We also used Eqs. 1 and 2 to determine similar period averages and temporal change in the hydroclimatic variables SOI, P, QMag, QFun, PET and aridity index PET/P (i.e., ΔSOI, ΔP, ΔQMag, ΔQFun, ΔPET and ΔPET/P). We then compared these hydroclimatic changes with those of salinity to explore any relation between them.

Furthermore, in order to determine the main hydroclimatic driver/s (SOI, P, QMag, QFun, PET and aridity index PET/P) driving seasonal salinity in CGSM, we constructed a Pearson correlation matrix for all hydroclimatic variables and Ss in each of the five stations in both dry and wet seasons. In this way, we studied the driving effects of these variables on salinity, any causal relations between climatic parameters and relations between stations in terms of Ss. All Pearson coefficients (R) were tested for significance (p < 0.05) based on the Pearson’s product moment correlation coefficient. Since hydroclimatic variables may have high correlations and regression coefficients between themselves (e.g., precipitation over the wetland and runoff in the Magdalena River), the identification of the main hydroclimatic variable driving salinity may prove difficult leading to unreliable and unstable estimates of regression coefficients. As such, we also assessed collinearity between the hydroclimatic variables by calculating a variance-inflation factor (VIF) with the “vif” function of the car package available in the R software. A VIF of 1 implies that there is no correlation among the hydroclimatic variable and the remaining hydroclimatic variables, a VIF larger than 4 means that collinearity may be inflating the variance of the linear regression coefficient, and a VIF that exceeds 10 suggests a serious multicolinearity.

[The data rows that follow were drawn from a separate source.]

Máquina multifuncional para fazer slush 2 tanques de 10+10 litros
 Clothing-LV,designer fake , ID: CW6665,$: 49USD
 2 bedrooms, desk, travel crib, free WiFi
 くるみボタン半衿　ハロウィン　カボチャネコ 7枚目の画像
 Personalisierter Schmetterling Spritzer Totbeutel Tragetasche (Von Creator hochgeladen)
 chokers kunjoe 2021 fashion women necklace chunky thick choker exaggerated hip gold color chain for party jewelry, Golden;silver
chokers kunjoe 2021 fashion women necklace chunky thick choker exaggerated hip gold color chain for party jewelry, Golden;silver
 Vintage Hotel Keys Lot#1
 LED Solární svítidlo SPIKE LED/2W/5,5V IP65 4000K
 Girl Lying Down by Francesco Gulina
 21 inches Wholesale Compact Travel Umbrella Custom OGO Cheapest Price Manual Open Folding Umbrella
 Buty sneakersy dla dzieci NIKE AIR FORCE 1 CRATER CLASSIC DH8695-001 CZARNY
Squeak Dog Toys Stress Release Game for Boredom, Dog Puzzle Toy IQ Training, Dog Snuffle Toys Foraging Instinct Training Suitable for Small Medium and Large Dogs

Research Question 3: Have Dredging Operations Succeeded in Reducing Salinity?

Annual data on dredged volumes of sediment per channel were obtained from Corpamag, the environmental authority in charge of the implementation of the rehabilitation and maintenance programs (Table 1). We studied the time series of annual volume dredged (V), QMag, Sp and Sp-max in the two stations that are located in or at the outlet of the two main channels feeding CGSM: M1 located at the outlet of Aguas Negras Channel into the Pajarales complex of CGSM and M3 in the middle of the New Clarin Channel in the Northern CGSM (Fig. 1). Both channels were reopened/dredged during the period 1993–1998 (rehabilitation) but only the Aguas Negras channel was dredged during the period 2006-early 2015 (maintenance).

Results

Research Question 1: Can we Attribute Mangrove Recovery to Changes in Salinity?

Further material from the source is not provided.